= Julie Bassermann =

German women's right activist

Julie Bassermann (born Julie Ladenburg: 2 March 1860 - 18 September 1940) was a German women's rights activist.

==Life==
===Family provenance and early years===
Julie Ladenburg was born in Mannheim (which is also the city in which, eighty years later, she died). Her father, Carl Ladenburg (1827–1909), was a banker. Her mother, born Ida Goldschmidt (1840–1928) was, like her daughter, active in the women's movement. The Ladenburgs were considered one of Mannheim's leading Jewish families. Her parents had two recorded children, but Julie was their only daughter. In 1881 she married the ambitious Mannheim lawyer-politician Ernst Bassermann. For the young protestant lawyer Ernst Bassermann, the marriage opened up the opportunity to network among Mannheim's most prosperous circles. Three daughters and one son were born to the couple: at least two of the children would predecease their mother.

===Women's rights===
In 1897 Julie Bassermann founded the Mannheim section of the "Verein Frauenbildung - Frauenstudium" (loosely, "Women's Study and Training League"), teaming up with Alice Bensheimer, who rapidly became a friend, to build up the organisation, of which she became president in 1901. As she became established in the role, she led a fusion of various activist women's organisations in Mannheim into a single body. One side-effect of this was the chance to work closely with her mother: in 1904 Ida Ladenburg (1840–1928) became president of the "Baden Women's Association" ("Badische Frauenverein"). Julie Bassermann was involved with the "Hausfrauverein" (loosely, "Housewives' Association"). She also served, between 1911 and 1933, as founding president of the "Badische Verband für Frauenbestrebungen" (loosely, "Baden Association for Women's Endeavours").
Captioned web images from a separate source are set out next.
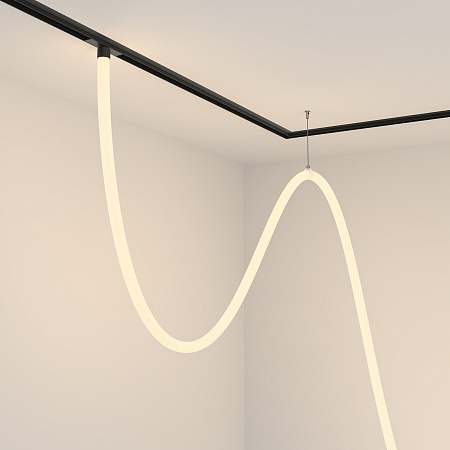 Трековый магнитный однофазный светодиодный светильник Maytoni Exility TR101-2-100W3K-B Трековый магнитный однофазный светодиодный светильник Maytoni Exility TR101-2-100W3K-B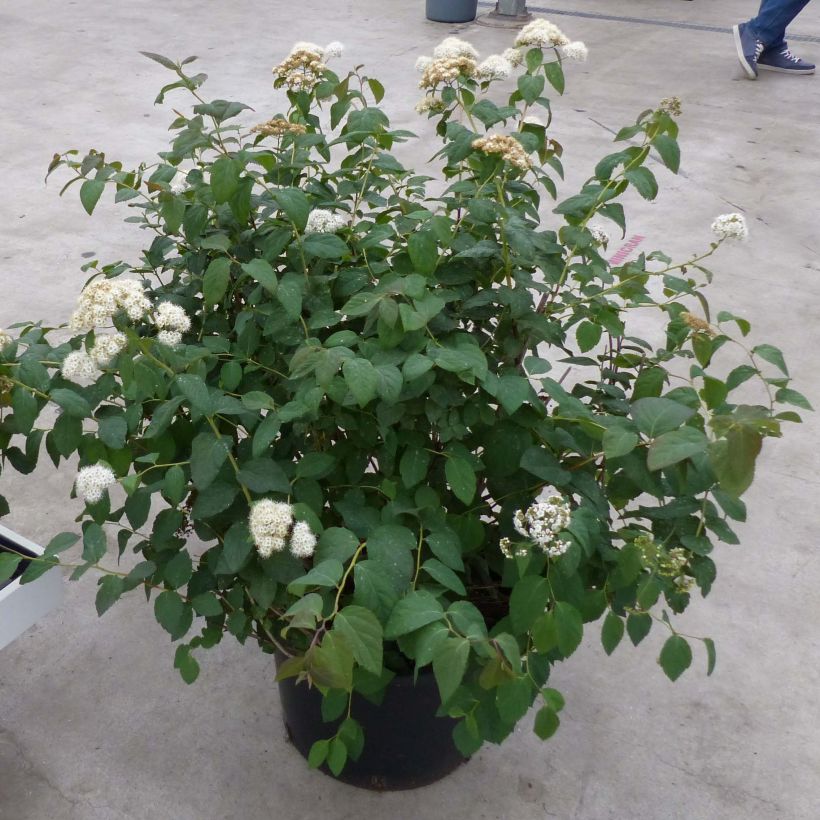 Sommerspiere Double Play Kazoo - Spiraea japonica (Plant habit)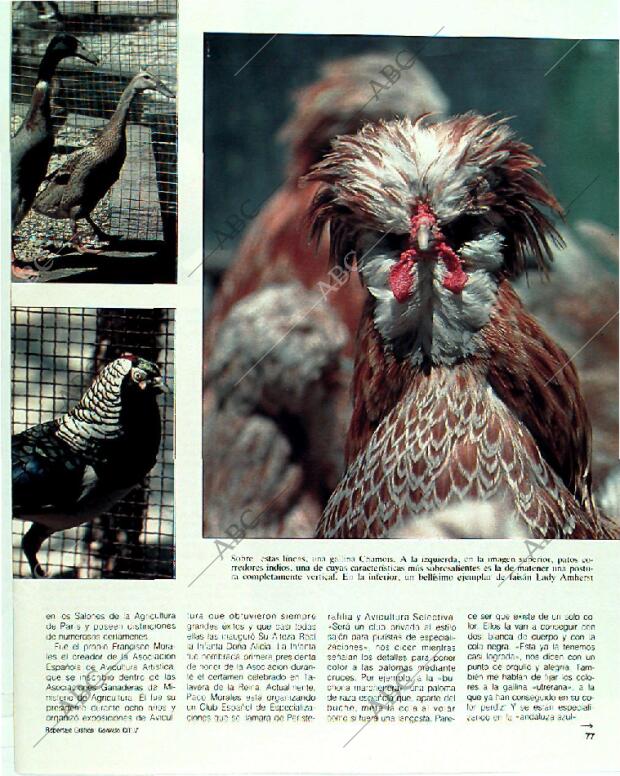 BLANCO Y NEGRO MADRID 18-06-1989 página 77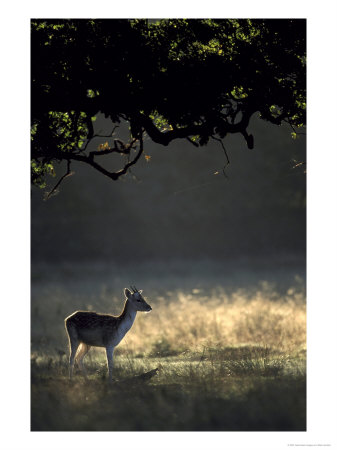 Fallow Deer by Mark Hamblin Pricing Limited Edition Print image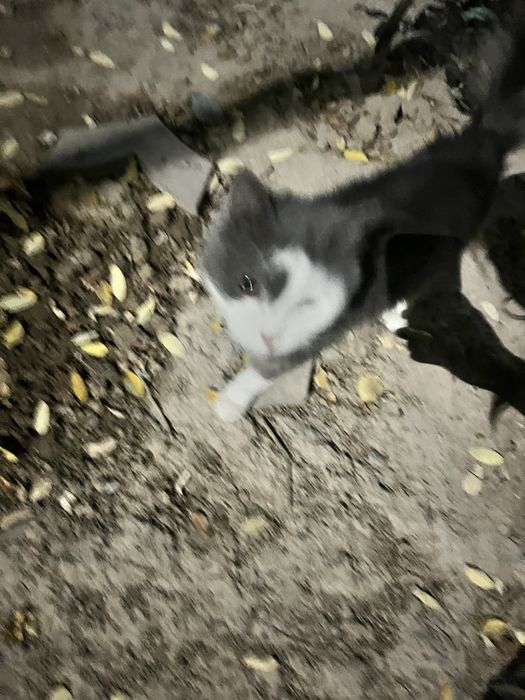 Chiroyli aqlli qiz bola mushuk hadyaga beriladi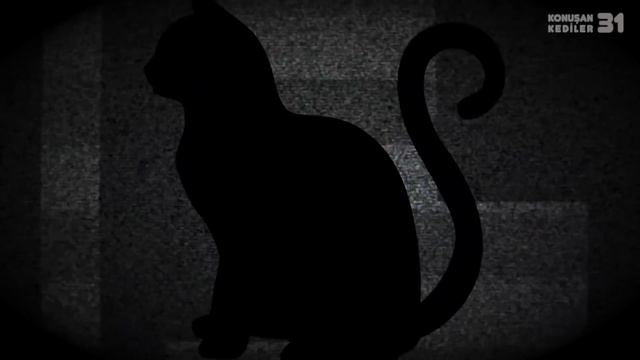 Konuşan Kediler 31 - En Komik Kedi Videoları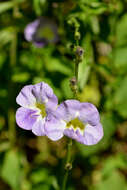 Image of Chinese violet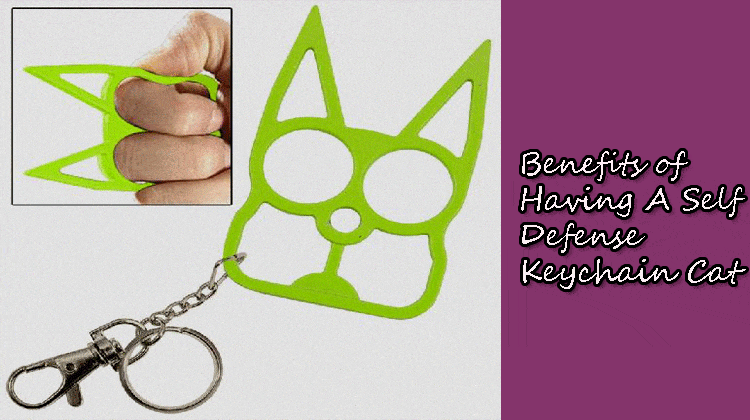 Benefits-of-Having-A-Self-Defense-Keychain-Cat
===Political engagement===
From 1912, Bassermann, along with Adelheid Steinmann, became a member of the National Women's Committee of Germany's National Liberal Party ("Nationalliberale Partei" / NLP). War broke out (from a German perspective) on 1 August 1914, with Germany's declaration of war against Russia, following a Russian general military mobilisation the previous day. Despite having celebrated his sixtieth birthday less than a week earlier, Ernst Bassermann immediately volunteered for military service: Julie Bassermann, on 3 August 1914, organised a Mannheim local group of the "Nationaler Frauendienst" ("...Women's Service"), a national organisation set up three days earlier, which saw itself as providing the female equivalent of the frontline service given by men. In 1915 she was involved in the construction of a day centre for jobless women and girls. A year later she got together with Marie Bernays, her friend Alice Bensheimer and Elisabeth Altmann-Gottheiner to create a Soziale Frauenschule ("Social Women's School"), (Note: The term "Welfare School" ("Wohlfahrtsschule") is also sometimes used) in Mannheim. in order to provide "social vocational training for paid and voluntary work". (Note: "...soziale Berufsausbildung für besoldete und ehrenamtliche Arbeit.")

By the start of 1919, the war was over. The emperor was gone, and even as a succession of predominantly localised revolutions broke out, mainly in the ports and cities, it was possible to view a republican future with a certain measure of cautious hope or even, some said, optimism. Julie Bassermann had been a widow for a year and a half. It was a time for a new start. On 19 January 1919 she stood as a DVP ("People's Party") candidate for election to the "National Assembly" ("Nationalversammlung"), the constitutional convention which became the first parliament of the German Republic (later renamed contemptuously by Adolf Hitler and subsequent historians as the "Weimar Republic"). This was the first German general election in which women were allowed to vote. The voting age had been reduced since 1912 from 25 to 20, and the old constituency based voting system which had disproportionately favoured conservative rural areas was replaced with a more democratic proportional representation voting process. Slightly more than 12 million voters had voted in the previous election in 1912. In 1919 more than 30 million voted. Despite these democratic advances, Julie Bassermann failed to secure election. She now pursued her political ambitions with greater success at a municipal level. She became a member of the Mannheim city council, where she served for four years as a member of the council's schools commission and involved herself in socio-political matters.

During her later years, till 1929, Julie Bassermann served as national chairwoman for the "Verein Frauenbildung - Frauenstudium" (loosely, "Women's Study and Training League"). She retired some months short of her seventieth birthday. On 18 September 1940, Julie Bassermann died at age 80.